Intervention prononcée le 13 janvier 2014, dans le cadre d'une journée d'études du Fonds Ricœur (Faculté protestante de Paris) sur « Les pouvoirs heuristiques de la fiction ». Organisation et modération : Dominique Combe et Yvon Inizan.

J'ai conservé le dispositif oral de l'intervention.

Référence sur ce site : une intervention prononcée en février 2000 à l'IUFM de Rennes.

Mis en ligne le 18 janvier 2014.


Le philosophe et le style

Ricœur aux prises avec À la recherche du temps perdu

Dans cette intervention, je voudrais examiner la perspective que Ricœur prend sur l'œuvre de Proust et, profitant de cette occasion qui nous met ici en dialogue, m'interroger sur les rapports que nos deux disciplines entretiennent entre elles à propos des œuvres littéraires.

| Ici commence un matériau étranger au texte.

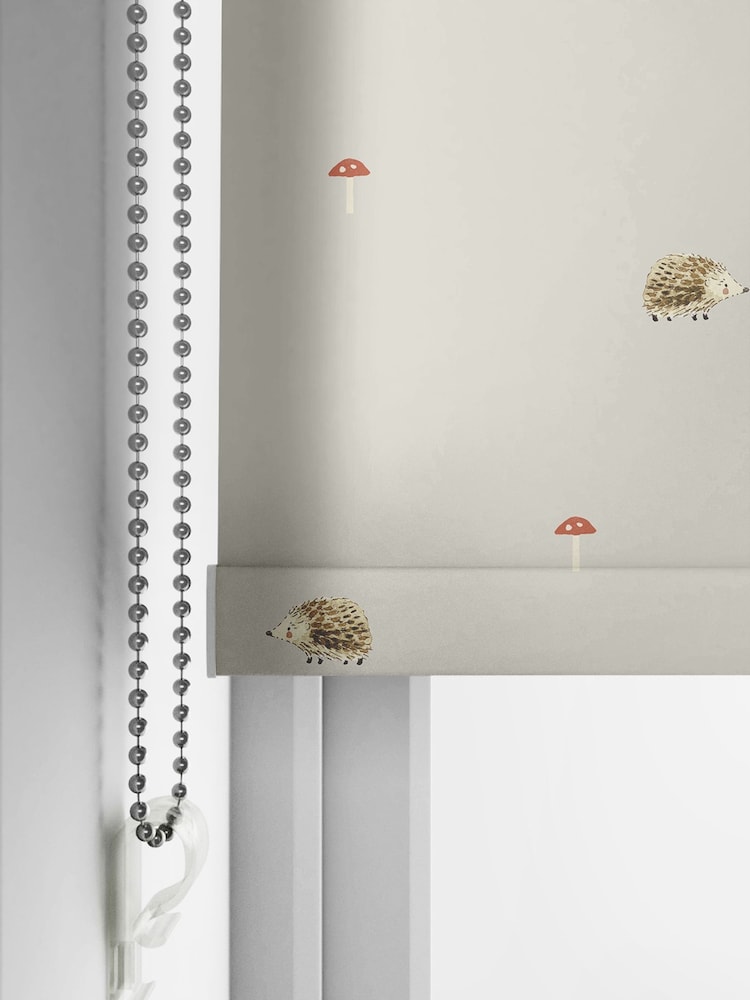 Sophie Allport Natural Woodland Hedgehog Made to Measure Roller Blind - Image 2 of 2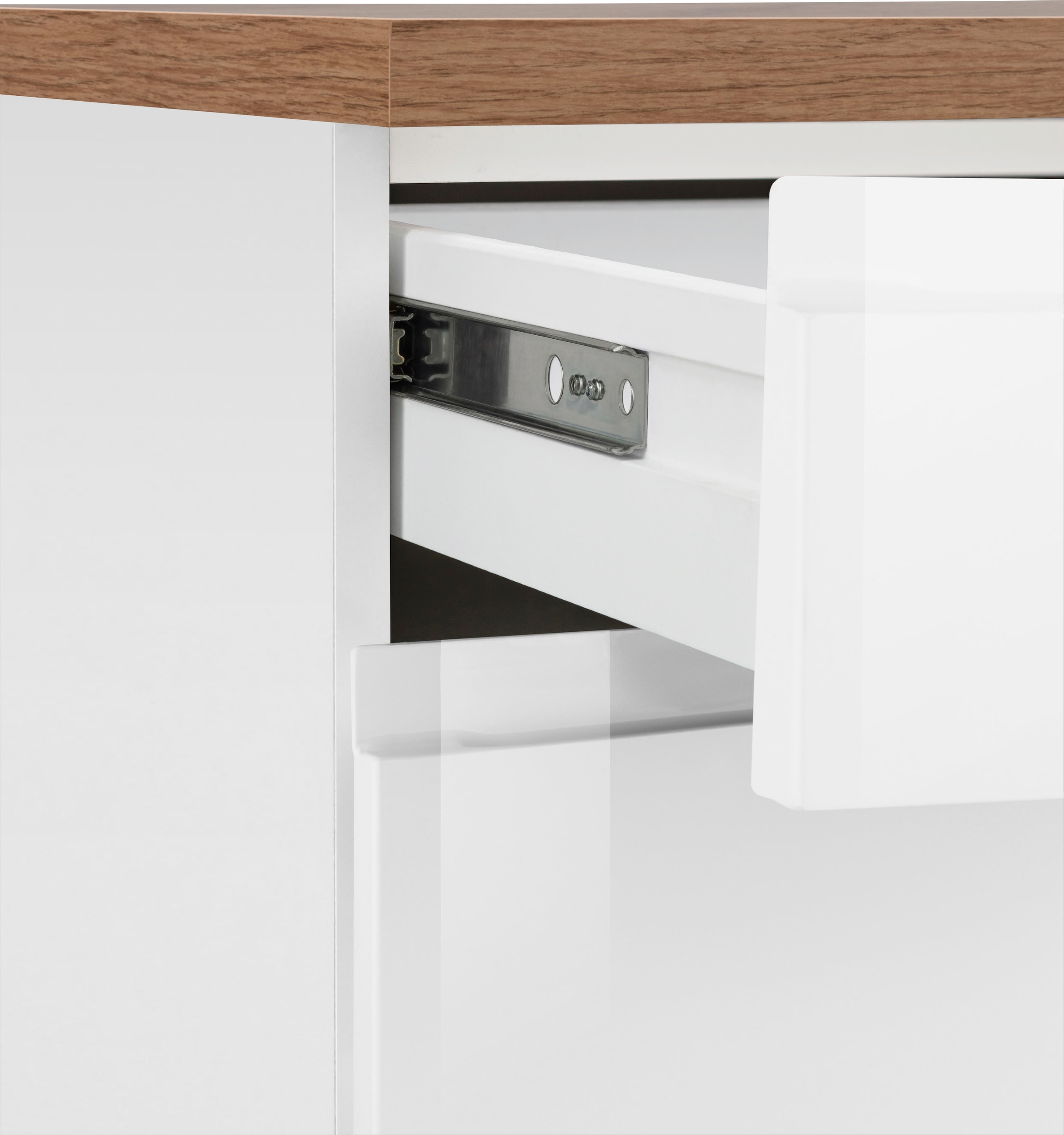 KOCHSTATION Kitchenette »KS-Virginia,neu in verbesserter Ausführung« plan de travail épaisseur 38 mm, rangement, fermeture douce,  Largeur 290, fonction Soft-Close, sans appareils électriques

Cela à travers trois développements :

- Une analyse de la manière selon laquelle Ricœur pratique À la Recherche du temps perdu

- Une interrogation sur l'intention stratégique de Ricœur

- Une réflexion brève sur la relation entre nos deux disciplines, philosophie et littérature, relation concernant la littérature

I – Le traitement de la Recherche dans Temps et récit

Tout d'abord donc une impression et une réflexion de « littéraire », sur deux faits un peu étranges dans la position de Ricœur : l'exigence des deux lectures et la question du style de la Recherche.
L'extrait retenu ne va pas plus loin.